Dr Tsung-ling Lee1
1Research Fellow, Centre for Biomedical Ethics, National University of Singapore
One key challenge in the regulation of regenerative medicines and cell-based therapies is balancing the demands for early access to innovative treatments with the need for robust scientific evidence of that demonstrates safety and efficacy. In March 2014, the European Medicines Agency (EMA) launched a pilot program under the “adaptive pathways” scheme designed to expedite market approvals for novel therapeutics in the European Union. Under the adaptive pathways, this has seen the EMA granting a conditional market approval to Holoclar, a stem-cell treatment used to treat damaged eyes of adult burnt patients, despite of limited clinical data supporting its efficacy and safety. Proponents of the adaptive pathways applaud the scheme as an example of regulatory innovation which legitimizes state power in the risk society. In contrast, opponents argue that the scheme undermines the existing legislative framework on advanced therapies and at risk of favoring vested interests of the pharmaceutical industry.
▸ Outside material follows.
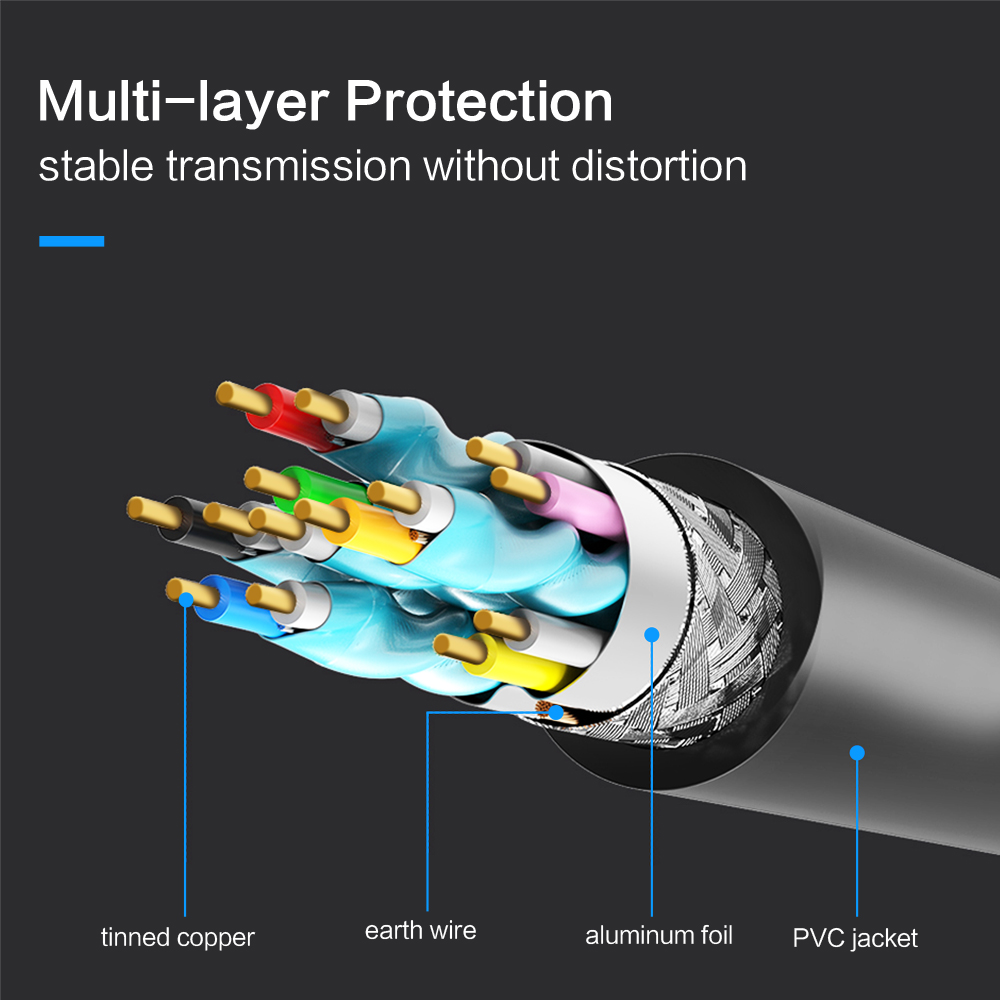 כבל HDMI וידאו מצופה זהב 1.4 4K 1080P 3D HDTV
The paper makes two contributions. First, the paper provides an overview of the adaptive pathway, identifying the features of adaptive pathways that facilitate clinical translation of advanced therapies.
Second, focusing on Holoclar, the paper critically examines whether the adaptive pathways genuinely facilitate clinical translation of advanced therapies and the extent to which the process balances the competing demands of the stakeholders.
Tsung-Ling is a research fellow with Center for Biomedical Ethics, National University of Singapore. Her research investigates the role of law in promoting public health interests, with a focus on regulatory issues in global health.